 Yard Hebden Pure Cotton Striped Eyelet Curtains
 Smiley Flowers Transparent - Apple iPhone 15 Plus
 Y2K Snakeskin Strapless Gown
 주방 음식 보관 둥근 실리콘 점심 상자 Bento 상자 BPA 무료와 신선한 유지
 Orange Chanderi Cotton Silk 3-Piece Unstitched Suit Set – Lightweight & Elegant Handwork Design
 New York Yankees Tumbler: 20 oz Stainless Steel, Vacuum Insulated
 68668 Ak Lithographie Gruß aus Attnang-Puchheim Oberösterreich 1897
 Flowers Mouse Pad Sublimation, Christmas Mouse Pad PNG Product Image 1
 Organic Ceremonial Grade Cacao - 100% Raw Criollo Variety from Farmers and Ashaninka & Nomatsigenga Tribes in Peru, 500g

---

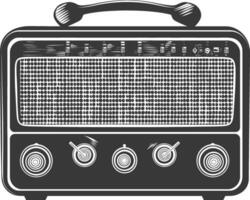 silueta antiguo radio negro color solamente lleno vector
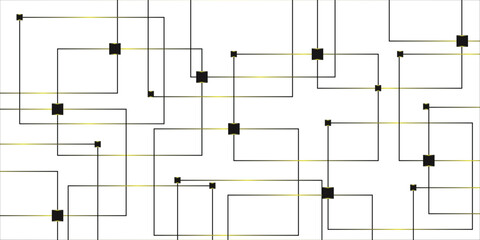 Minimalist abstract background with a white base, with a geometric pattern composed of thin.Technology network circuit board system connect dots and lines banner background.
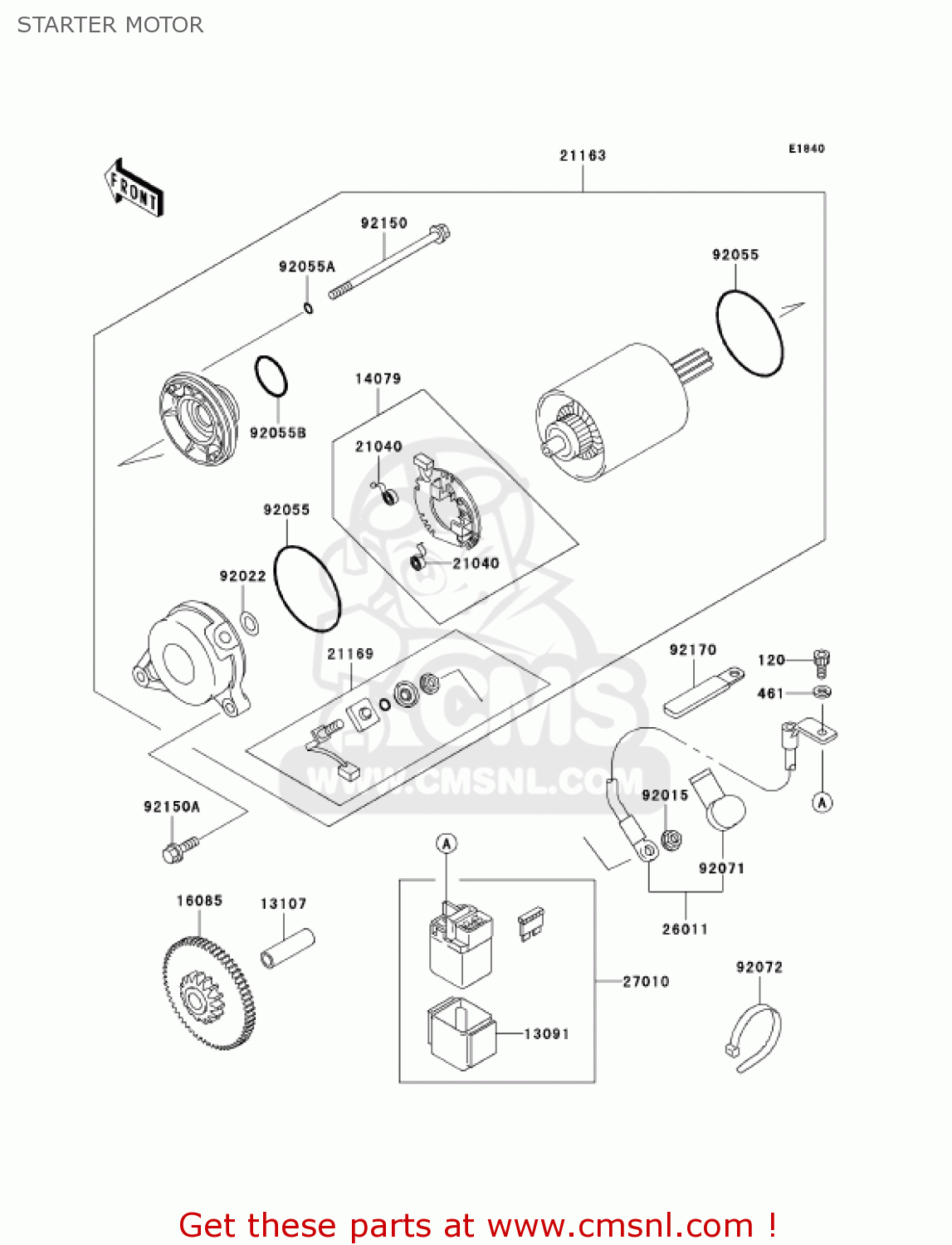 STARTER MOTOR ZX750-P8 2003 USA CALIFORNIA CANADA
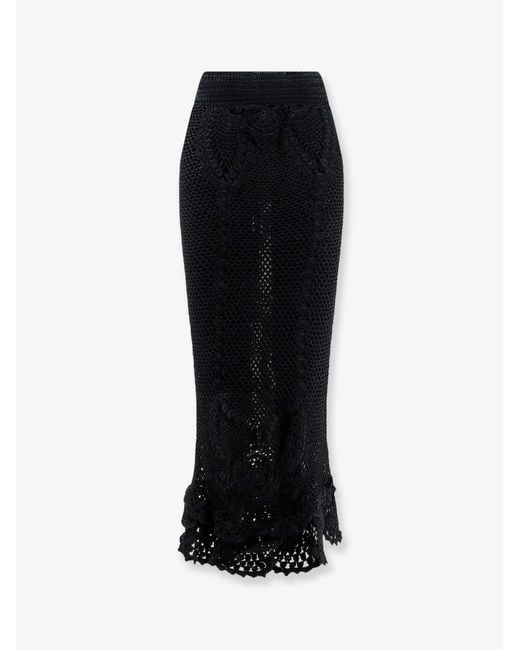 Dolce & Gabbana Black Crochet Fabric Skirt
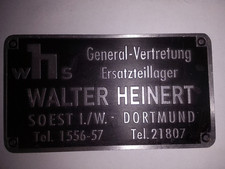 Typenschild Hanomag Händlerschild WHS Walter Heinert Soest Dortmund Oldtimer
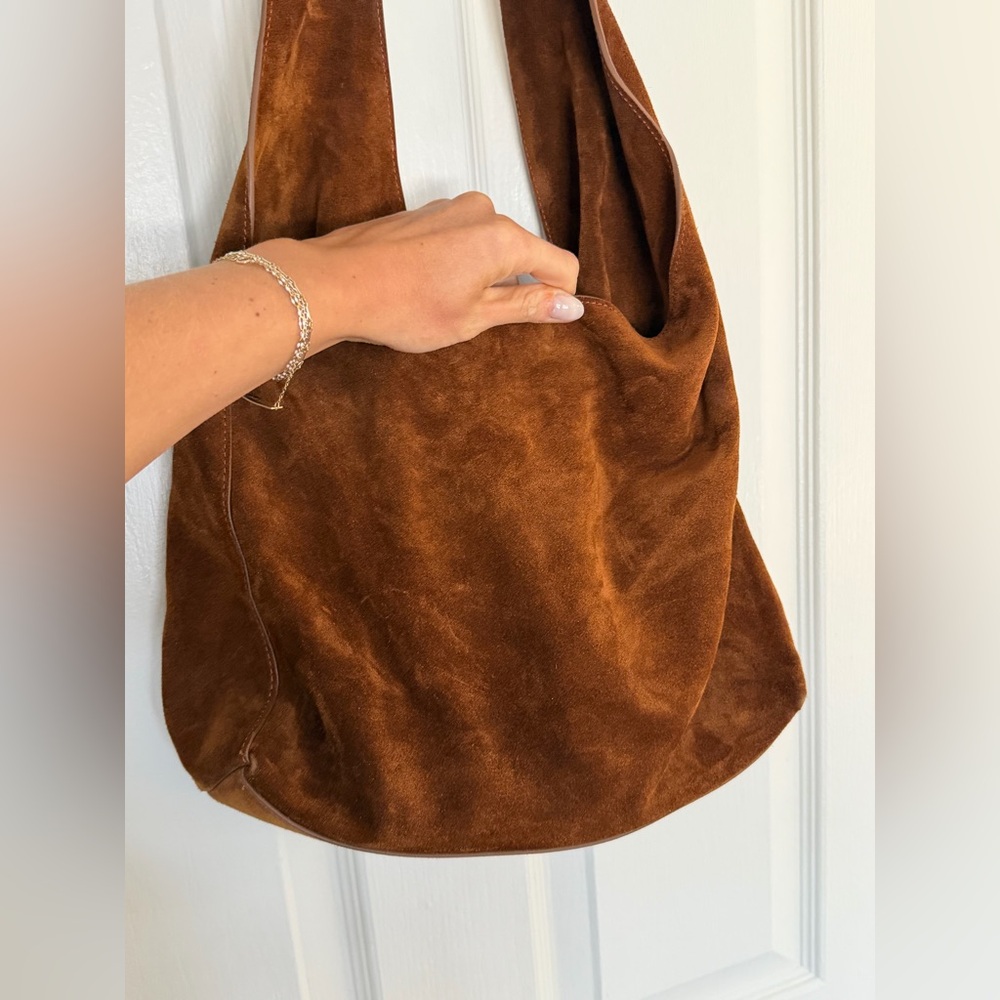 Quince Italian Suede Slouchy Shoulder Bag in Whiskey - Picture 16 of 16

Problem to solve
State how many lines of the records contain the word "Cotton". Give that number alone.

Response
2